| Stored data |

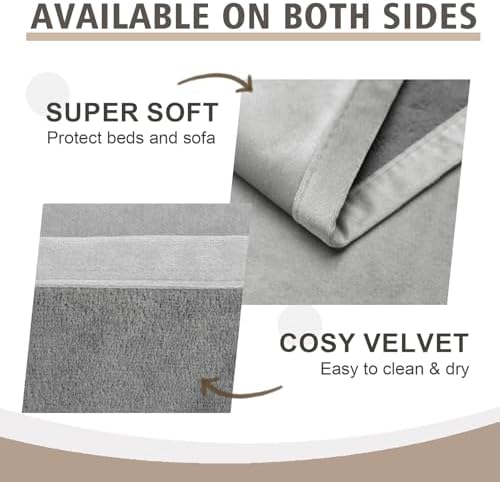 Ameritex Pet Bed Blanket Reversible 100% Waterproof Velvet Super Soft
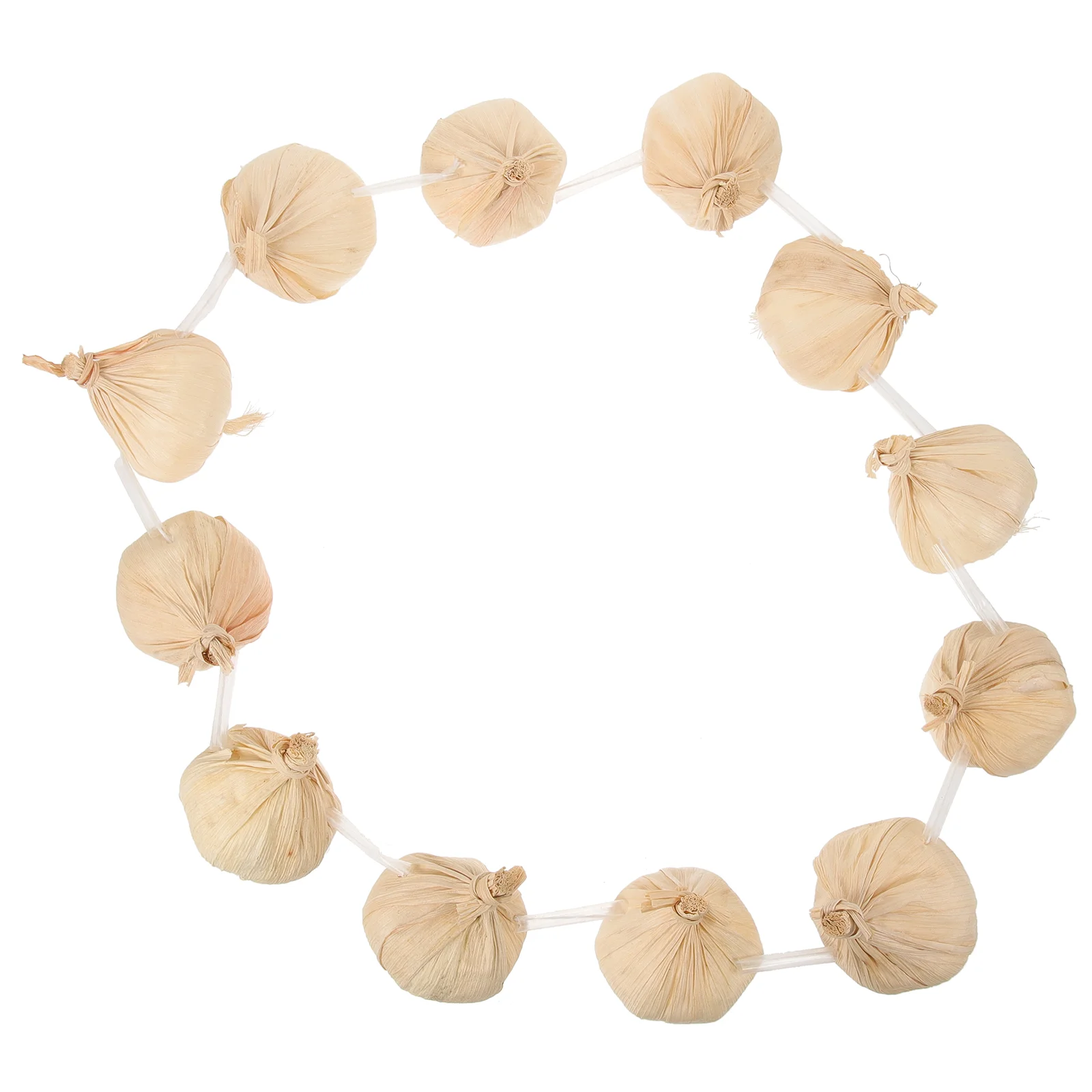 מחרוזת שום מלאכותית פרופ מחרוזת שום מזויפת סימולציה מחרוזת שום קישוט למסיבה מחרוזת שום מלאכותית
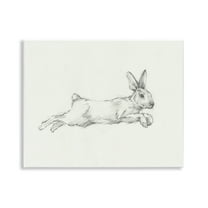 Stupell Industries Jumping Rabbit Sketch Animals & Insects Drawing Unframed Art Print Wall Art, 14 x 11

| Work instruction |
An exact copy of all the lines above is required, with the pictures removed.

| Answer to this task |
 Ameritex Pet Bed Blanket Reversible 100% Waterproof Velvet Super Soft
 מחרוזת שום מלאכותית פרופ מחרוזת שום מזויפת סימולציה מחרוזת שום קישוט למסיבה מחרוזת שום מלאכותית
 Stupell Industries Jumping Rabbit Sketch Animals & Insects Drawing Unframed Art Print Wall Art, 14 x 11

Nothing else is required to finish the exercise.